DCAgent/a1-crosscodeeval_java
TEXT GENERATIONConcurrency Cost:1Model Size:8BQuant:FP8Ctx Length:32kPublished:Mar 23, 2026License:otherArchitecture:Transformer Cold

DCAgent/a1-crosscodeeval_java is an 8 billion parameter language model fine-tuned from Qwen/Qwen3-8B, specifically optimized for Java code evaluation tasks. This model leverages a 32,768 token context length and was trained on a specialized dataset for cross-code evaluation. Its primary strength lies in its ability to analyze and process Java code, making it suitable for code-related applications.

Loading preview...

Model Overview

DCAgent/a1-crosscodeeval_java is an 8 billion parameter language model, fine-tuned from the Qwen/Qwen3-8B architecture. This model has been specifically adapted for tasks related to Java code evaluation, utilizing a substantial context window of 32,768 tokens.

Key Capabilities

  • Java Code Evaluation: Specialized fine-tuning on the /e/scratch/jureap59/raoof1/sft_data/hf_hub/datasets--DCAgent--exp_rpt_crosscodeeval-java_10k_glm_4.7_traces_jupiter/snapshots/a32226762a9eb22eeb7ed132909af2fa5ac3c83e_thinking_preprocessed dataset enhances its performance in understanding and evaluating Java code.
  • Extended Context Window: Benefits from a 32,768 token context length, allowing for the processing of larger code snippets or more complex problem descriptions.

Training Details

The model was trained with a learning rate of 4e-05 over 7 epochs, using a cosine learning rate scheduler with a 0.1 warmup ratio.
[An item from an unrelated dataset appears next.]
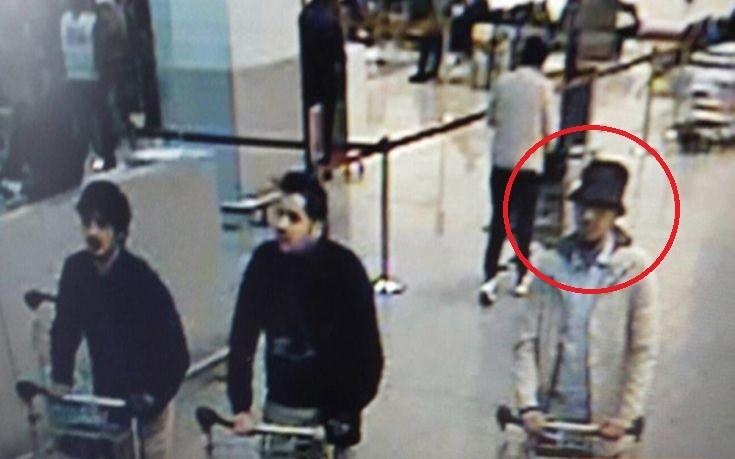 Συνελήφθη ο φυγάς τρομοκράτης στις Βρυξέλλες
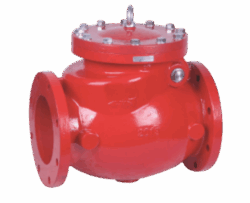 Viking SCF Swing Check Valve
The training involved a total batch size of 16 across 16 multi-GPU devices, utilizing the AdamW_TORCH_FUSED optimizer.

Intended Use Cases

This model is particularly well-suited for applications requiring in-depth analysis, generation, or evaluation of Java programming code. Its fine-tuned nature suggests improved performance on tasks within this domain compared to general-purpose models.